• **DIRECTIONS FOR THIS TASK**
Reproduce the entries exactly, beginning with the line containing "寿司设置与鲑鱼 生鱼片和黑鱼卷在白色狭窄的矩形盘 日本传统亚洲菜" and ending with their last line, both included.

• **Short web captions**
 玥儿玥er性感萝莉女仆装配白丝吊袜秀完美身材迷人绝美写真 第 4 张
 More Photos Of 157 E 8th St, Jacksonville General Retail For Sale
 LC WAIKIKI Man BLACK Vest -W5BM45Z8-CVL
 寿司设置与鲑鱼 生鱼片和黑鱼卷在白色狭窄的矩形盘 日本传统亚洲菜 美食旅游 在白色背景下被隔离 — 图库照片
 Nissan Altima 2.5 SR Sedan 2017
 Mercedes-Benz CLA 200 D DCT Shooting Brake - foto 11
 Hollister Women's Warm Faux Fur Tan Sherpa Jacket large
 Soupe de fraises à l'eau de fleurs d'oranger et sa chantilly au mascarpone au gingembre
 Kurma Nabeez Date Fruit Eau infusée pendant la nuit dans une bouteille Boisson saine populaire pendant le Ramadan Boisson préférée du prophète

• **EXPECTED OUTPUT**
 寿司设置与鲑鱼 生鱼片和黑鱼卷在白色狭窄的矩形盘 日本传统亚洲菜 美食旅游 在白色背景下被隔离 — 图库照片
 Nissan Altima 2.5 SR Sedan 2017
 Mercedes-Benz CLA 200 D DCT Shooting Brake - foto 11
 Hollister Women's Warm Faux Fur Tan Sherpa Jacket large
 Soupe de fraises à l'eau de fleurs d'oranger et sa chantilly au mascarpone au gingembre
 Kurma Nabeez Date Fruit Eau infusée pendant la nuit dans une bouteille Boisson saine populaire pendant le Ramadan Boisson préférée du prophète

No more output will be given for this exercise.